→ **Aim of the task**:
Only one span of the material below is wanted. Output it exactly, from the line with "NEMA 23 Stepper" through the line with "view of property", without any pictures.

→ **Supplied entries**:
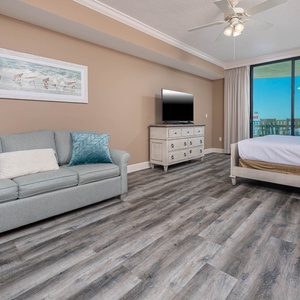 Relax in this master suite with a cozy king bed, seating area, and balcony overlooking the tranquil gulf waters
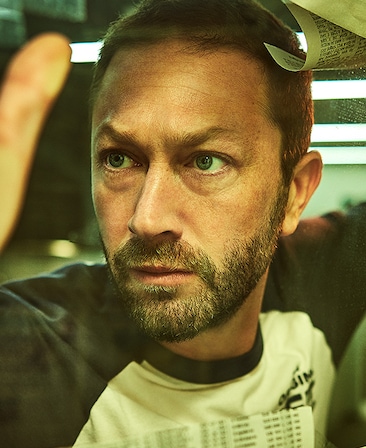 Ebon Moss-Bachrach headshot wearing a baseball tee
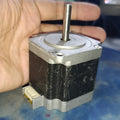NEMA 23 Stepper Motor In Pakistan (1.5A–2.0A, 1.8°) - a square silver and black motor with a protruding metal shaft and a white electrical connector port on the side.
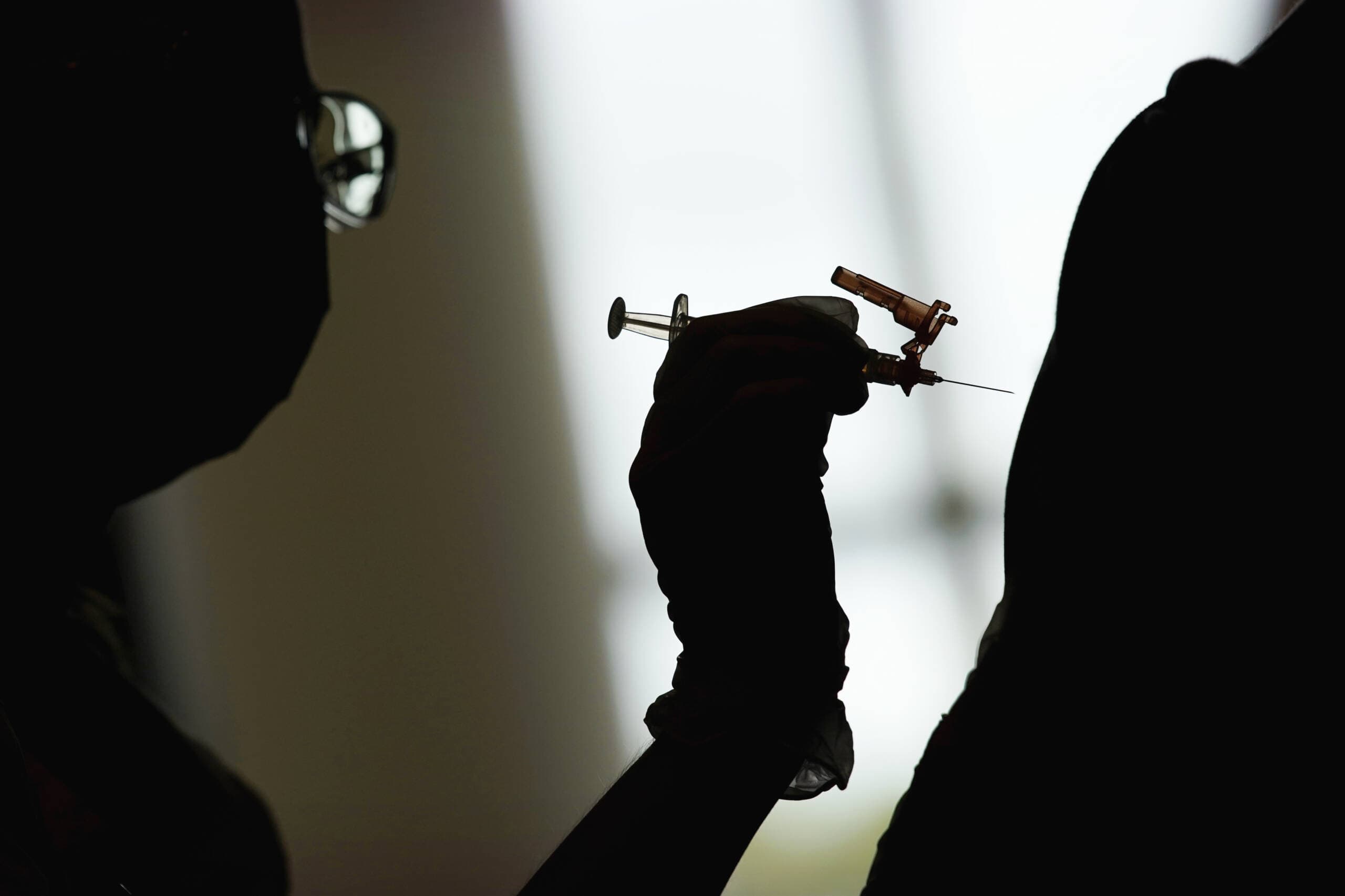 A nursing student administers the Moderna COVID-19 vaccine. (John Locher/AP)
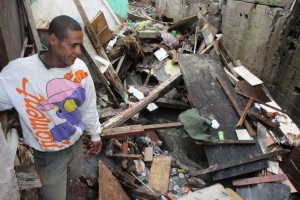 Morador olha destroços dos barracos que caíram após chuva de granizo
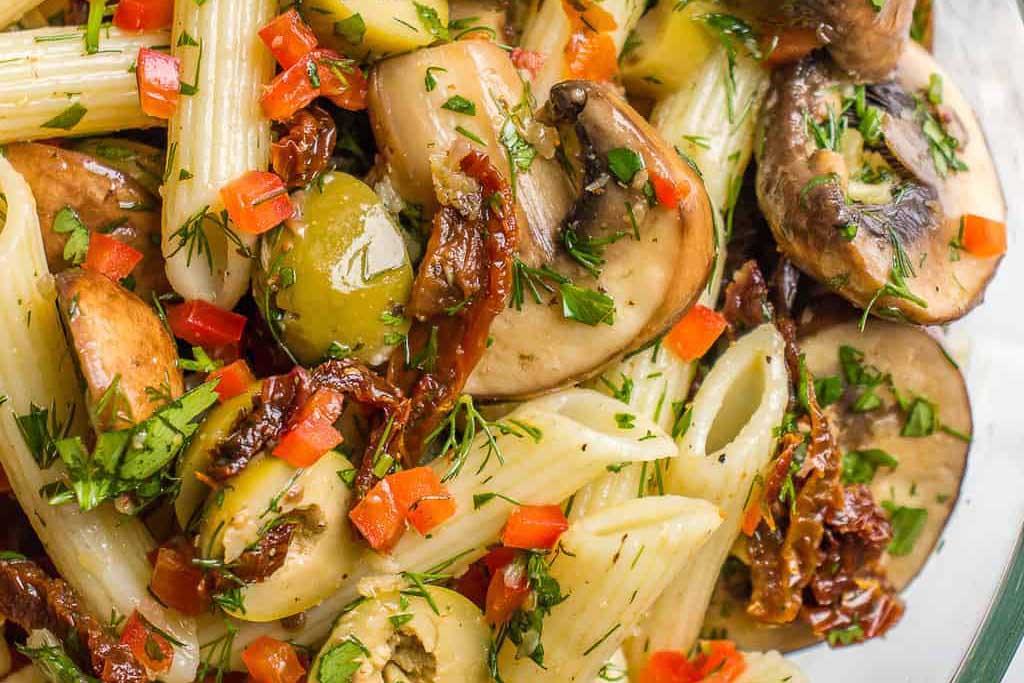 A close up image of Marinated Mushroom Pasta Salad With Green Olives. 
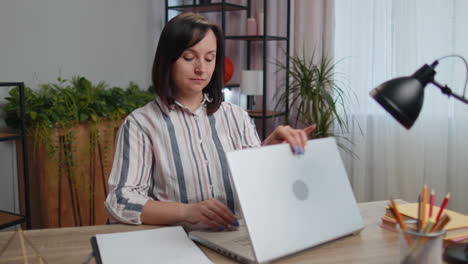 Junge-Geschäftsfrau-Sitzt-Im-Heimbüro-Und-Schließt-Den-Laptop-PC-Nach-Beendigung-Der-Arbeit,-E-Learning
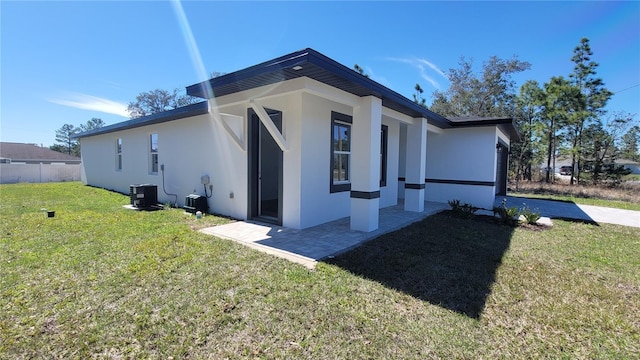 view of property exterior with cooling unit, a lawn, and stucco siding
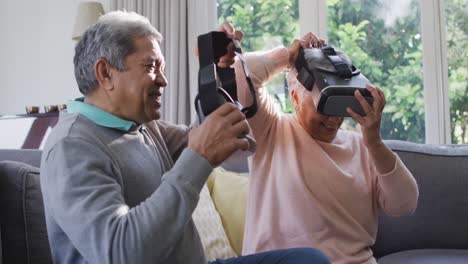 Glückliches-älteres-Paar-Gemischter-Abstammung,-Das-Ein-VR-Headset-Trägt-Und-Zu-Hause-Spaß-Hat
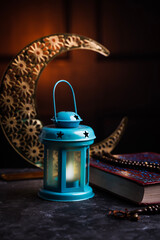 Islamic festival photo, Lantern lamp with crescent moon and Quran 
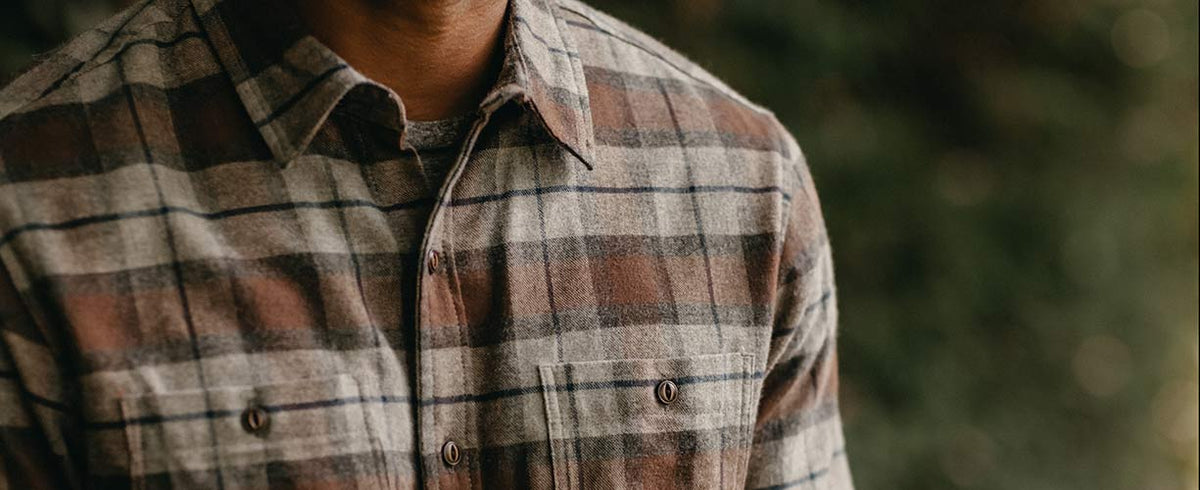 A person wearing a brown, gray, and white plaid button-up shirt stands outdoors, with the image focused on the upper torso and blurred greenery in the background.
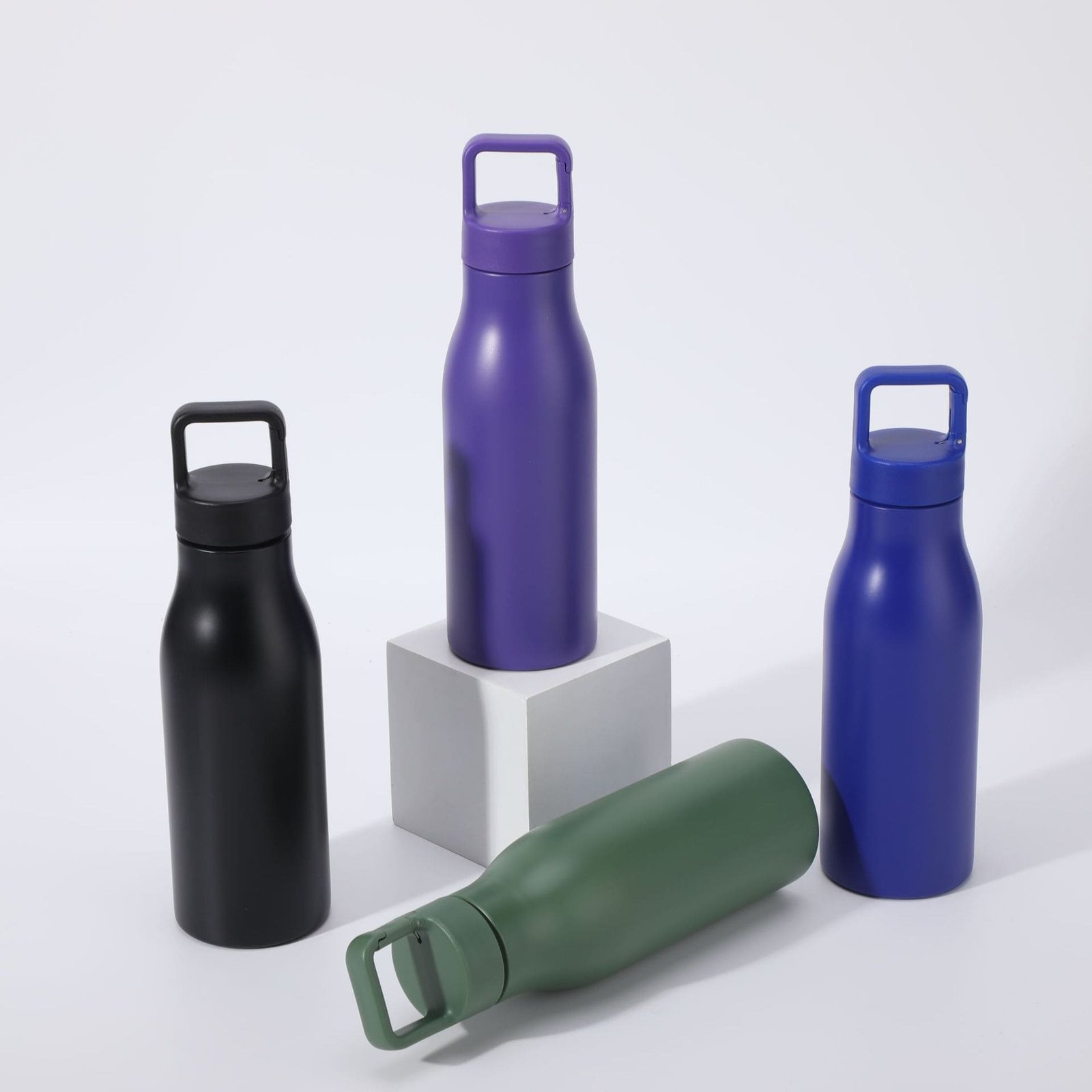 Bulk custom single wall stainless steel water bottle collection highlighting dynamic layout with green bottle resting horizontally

→ **Final answer**:
NEMA 23 Stepper Motor In Pakistan (1.5A–2.0A, 1.8°) - a square silver and black motor with a protruding metal shaft and a white electrical connector port on the side.
 A nursing student administers the Moderna COVID-19 vaccine. (John Locher/AP)
 Morador olha destroços dos barracos que caíram após chuva de granizo
 A close up image of Marinated Mushroom Pasta Salad With Green Olives. 
 Junge-Geschäftsfrau-Sitzt-Im-Heimbüro-Und-Schließt-Den-Laptop-PC-Nach-Beendigung-Der-Arbeit,-E-Learning
 view of property exterior with cooling unit, a lawn, and stucco siding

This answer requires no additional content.